## Supplied entries

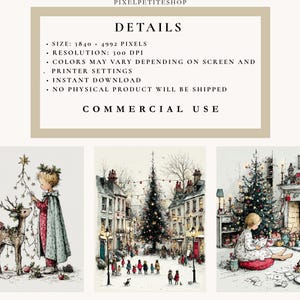 Op de afbeelding: Een set van drie aquarel illustraties met een kerstthema. E&eacute;n toont een kind dat een kerstboom versiert met een hert. Een andere toont een besneeuwde straat met een kerstboom. De laatste toont een kind bij een open haard.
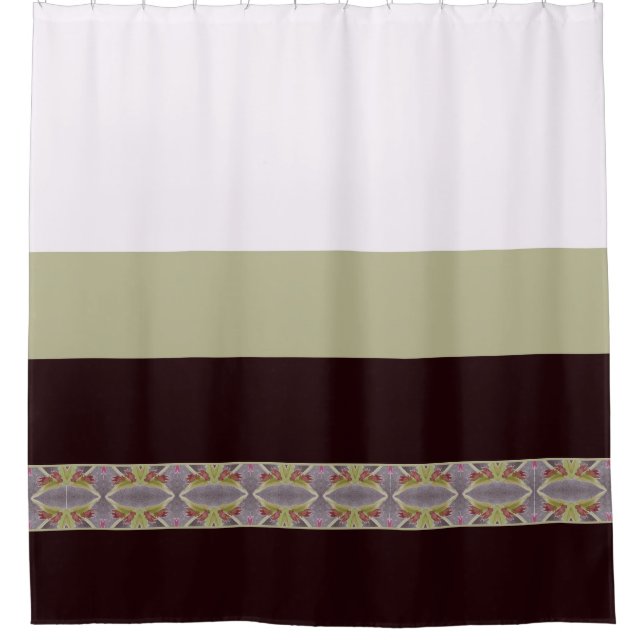 Elegant dunkelbraun und grün duschvorhang (Vorderseite)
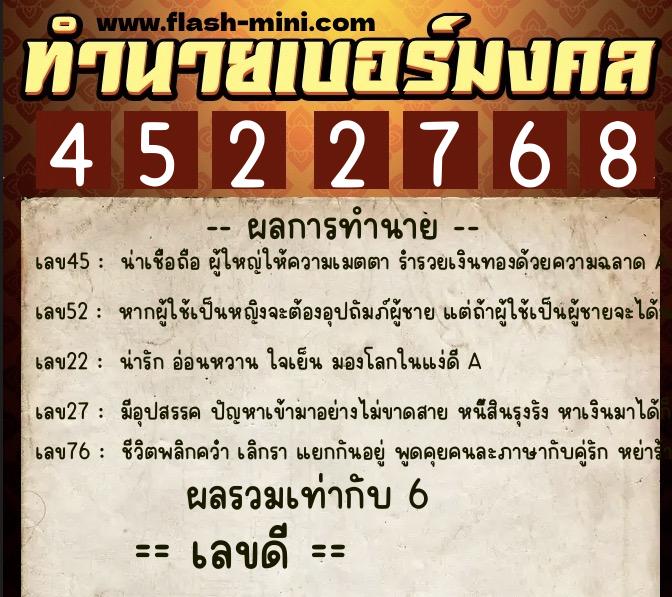 ทำนายเบอร์มงคล 0XX-4522768  ทำนายเบอร์มงคล หมายเลข 088-452276 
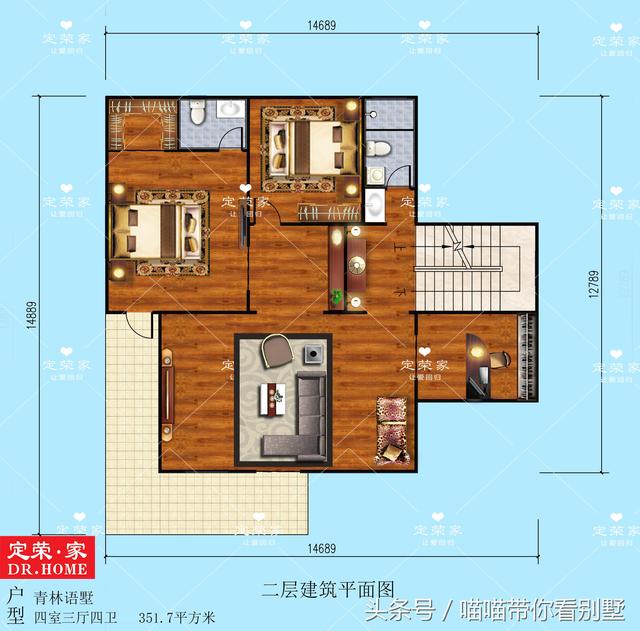 二層農(nóng)村自建房，四室三廳四衛(wèi)，戶(hù)型獨(dú)特，整體外觀大氣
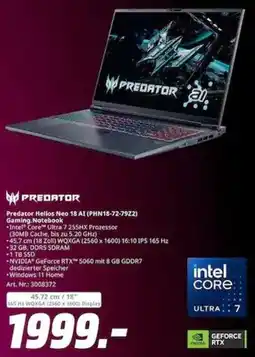 MediaMarkt Predator Helios Neo 18 AI (PHN18-72-7922) Gaming.Notebook Angebot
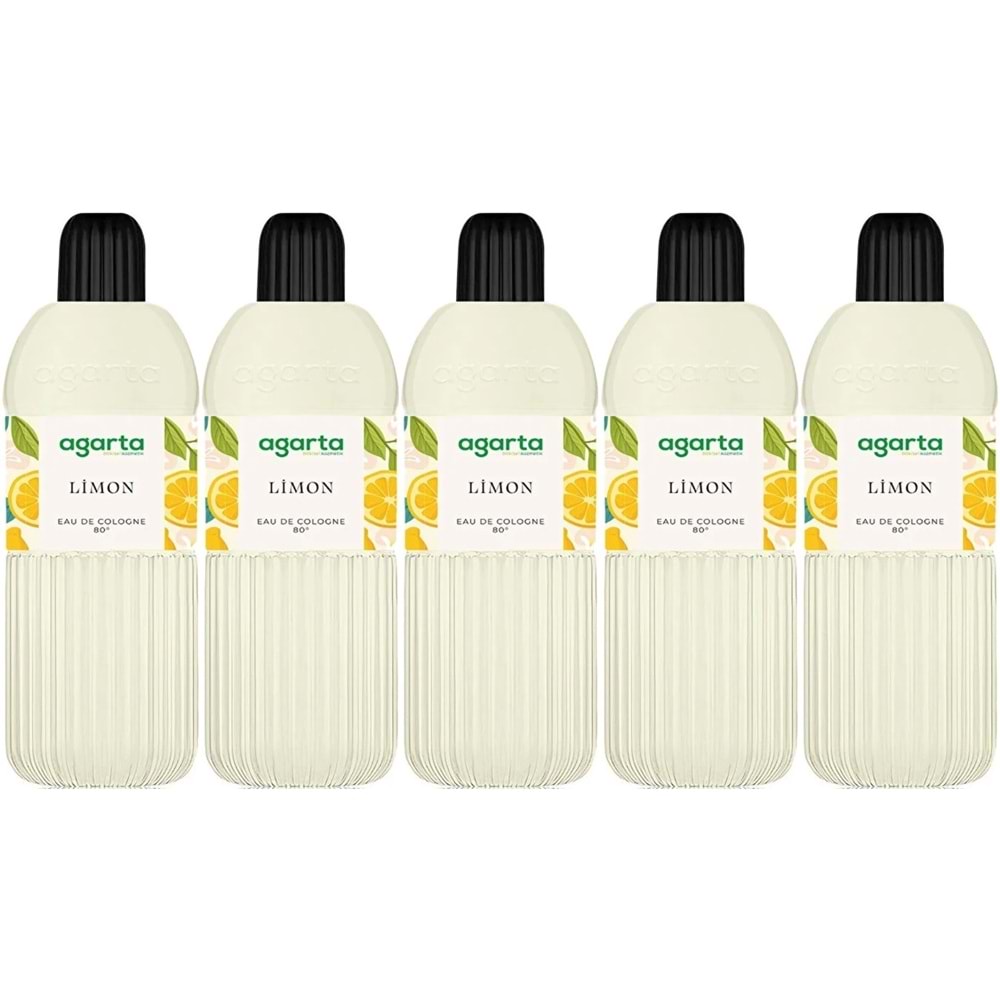 Agarta Kolonya 400 ML Limon 80 Derece Pet Şişe (5 Li Set)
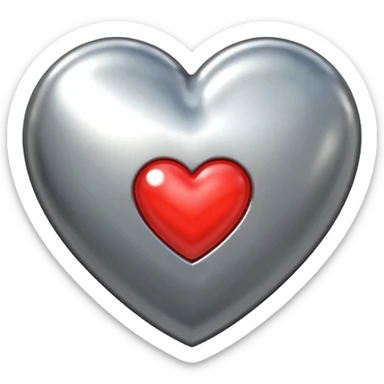 Chrome heart moving emoji sticker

## Work instruction
Without any pictures, please write out the lines from the one containing "Elegant dunkelbraun und" through the final line of the data, exactly and inclusive of both ends.

## Answer to this problem
 Elegant dunkelbraun und grün duschvorhang (Vorderseite)
 ทำนายเบอร์มงคล 0XX-4522768  ทำนายเบอร์มงคล หมายเลข 088-452276 
 二層農(nóng)村自建房，四室三廳四衛(wèi)，戶(hù)型獨(dú)特，整體外觀大氣
 MediaMarkt Predator Helios Neo 18 AI (PHN18-72-7922) Gaming.Notebook Angebot
 Agarta Kolonya 400 ML Limon 80 Derece Pet Şişe (5 Li Set)
 Chrome heart moving emoji sticker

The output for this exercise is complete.